ACL Surgery For Dogs – $1350
ACL is short for anterior cruciate ligament (Technically a CCL in dogs – cranial cruciate ligament, because dogs walk on four legs instead of two).
ACL Injury in Dogs
Cruciate ligamant tears in a dog’s knee are quite common. Pet’s stand with their knees slightly bent, so there is more constant strain on the cruciate ligament then in human knees. Tearing this ligament causes instability in the knee joint that allows an abnormal motion leading to debilitating arthritis over time.
This is called a cranial drawer motion, as it mimics opening a drawer. Here at Helping Hands, we fix the torn ACL in dogs by simply replacing the ligament with a new one, which we call the lateral suture technique. This knee repair technique is also sometimes called the tightrope or extracapsular repair.
Dog ACL Surgery Options – Lateral Suture, TPLO & TTA
Currently, there are three different procedures to repair an ACL tear. The lateral suture technique, the TPLO or the TTA. Anytime there are three different ways to do anything, it is because not one of them is the best or the best way would be the only way. The good news is, they all work and have good success rates as long as you follow proper post op care.
We only offer the lateral suture technique at Helping Hands. Until the last decade or so, it was the only way to repair an ACL tear in dogs. It can be performed on all sizes and ages of dogs. It is performed by replacing the torn ligament with a false ligament on the outside of the joint.
The TPLO and the TTA techniques were developed somewhat recently as a stronger repair because, quite simply, if dogs can tear the ligament they were born with, then there is a risk of tearing the new one we put in.
The TPLO and TTA are performed with steel plates that are stronger than a false ligament. However, steel plates are very expensive and take more time to implant, thus part of the reason for the huge difference in price.
So, with the lateral suture technique, you have to be willing to assume a slightly higher risk that your pet could re-injure themselves. The implant may tear if they move in a way that caused the original one to tear, thus needing a second surgery. The larger the dog, the more weight is being put on the cranial cruciate ligament. The younger the dog, the more active it is likely to be.
So if you have that large, super active pup that will not slow down, or you simply want to reduce the risk of them re injuring themselves and tearing the false implant, then the TPLO or TTA may be the way to go. If you have a large, active dog and cannot afford the TPLO or TTA, the lateral suture will still work very well. We do it everyday. You simply have to assume a slightly higher risk and work a little harder at keeping your pet calm and quiet.
Recover from ACL Surgery for Dogs
The surgery itself is the easy part, the challenging part will fall on you to keep your dog somewhat quiet and still for 6 – 8 weeks post- op. The first 2 weeks require crate rest. A crate is the only way to ensure no jarring, jumping or pushing off motions from occurring. The post op care is the same no matter which procedure you choose.

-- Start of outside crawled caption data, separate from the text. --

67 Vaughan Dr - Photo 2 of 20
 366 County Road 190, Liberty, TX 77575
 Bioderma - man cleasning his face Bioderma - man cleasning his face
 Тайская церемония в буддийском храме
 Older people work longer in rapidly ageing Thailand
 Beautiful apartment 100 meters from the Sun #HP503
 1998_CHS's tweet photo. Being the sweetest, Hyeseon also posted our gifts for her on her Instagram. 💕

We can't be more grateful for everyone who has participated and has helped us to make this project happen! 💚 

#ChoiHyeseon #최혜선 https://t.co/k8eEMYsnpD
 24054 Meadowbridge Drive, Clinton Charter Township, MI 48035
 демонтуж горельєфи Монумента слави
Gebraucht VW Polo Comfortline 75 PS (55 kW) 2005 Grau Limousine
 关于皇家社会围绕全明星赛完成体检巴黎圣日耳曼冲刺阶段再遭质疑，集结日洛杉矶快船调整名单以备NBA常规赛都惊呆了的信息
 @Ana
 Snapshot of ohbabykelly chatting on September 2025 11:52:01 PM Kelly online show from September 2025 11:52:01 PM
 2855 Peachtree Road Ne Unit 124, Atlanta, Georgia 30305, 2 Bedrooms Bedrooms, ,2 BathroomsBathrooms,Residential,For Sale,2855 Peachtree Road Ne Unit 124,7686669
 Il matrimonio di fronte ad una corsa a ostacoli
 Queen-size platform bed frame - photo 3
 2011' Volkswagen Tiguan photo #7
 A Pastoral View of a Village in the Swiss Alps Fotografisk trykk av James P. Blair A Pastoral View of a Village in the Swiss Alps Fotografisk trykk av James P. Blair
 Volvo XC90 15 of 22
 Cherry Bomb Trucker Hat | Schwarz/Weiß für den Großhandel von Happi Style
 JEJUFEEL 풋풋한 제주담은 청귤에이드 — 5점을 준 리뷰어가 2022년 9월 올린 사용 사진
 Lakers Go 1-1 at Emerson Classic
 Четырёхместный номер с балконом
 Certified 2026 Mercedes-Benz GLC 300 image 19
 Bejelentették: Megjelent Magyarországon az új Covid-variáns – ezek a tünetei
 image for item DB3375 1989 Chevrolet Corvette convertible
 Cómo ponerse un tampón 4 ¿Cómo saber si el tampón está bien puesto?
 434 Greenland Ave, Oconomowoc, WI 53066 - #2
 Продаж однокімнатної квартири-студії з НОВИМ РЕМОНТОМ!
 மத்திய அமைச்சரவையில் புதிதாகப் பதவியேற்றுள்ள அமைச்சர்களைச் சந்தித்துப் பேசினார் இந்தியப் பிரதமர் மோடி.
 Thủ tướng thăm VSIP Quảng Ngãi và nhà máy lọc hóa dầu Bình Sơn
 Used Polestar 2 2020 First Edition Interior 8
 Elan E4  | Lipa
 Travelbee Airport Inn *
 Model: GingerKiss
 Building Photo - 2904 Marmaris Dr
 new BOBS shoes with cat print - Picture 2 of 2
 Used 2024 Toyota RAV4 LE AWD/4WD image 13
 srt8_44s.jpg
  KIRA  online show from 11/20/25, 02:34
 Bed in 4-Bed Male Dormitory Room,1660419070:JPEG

We get the easy part of the job, the surgery, and you get the hard part of the job, recovery. If, you choose to come to Helping Hands, your dog will leave our hospital with a knee, good as new. It is you and your pet’s responsibility to keep it that way.
We perform the lateral suture technique on a regular basis with great success on all sizes and ages of pets. We know having choices is good but can also make the decision for what is best challenging.
Watch the video below to learn about the type of dog ACL surgery we offer:
The only additional fees you may incur would be for Bloodwork, Biopsies or E collars
Scheduling Surgery for a Torn ACL in Dogs at Helping Hands
Bloodwork ($90) is required for your pet. The bloodwork we perform at Helping Hands shows us basic organ function values (kidney and liver) to help make the safest choices for anesthesia. The bloodwork we perform at Helping Hands is not diagnostic. It is always recommended that you discuss surgery and sedation with your primary veterinarian that has followed your pet’s health if you have any concerns. It is important to remember there is always risk when sedating any living animal.
We are outpatient facility which means the pets go home the same day. If your veterinarian believes your pet needs post op monitoring, you can return to your full service veterinarian or a 24-hour facility for continued care at your expense. We are here to get your pet through the procedure and back into the hands of your full service veterinarian.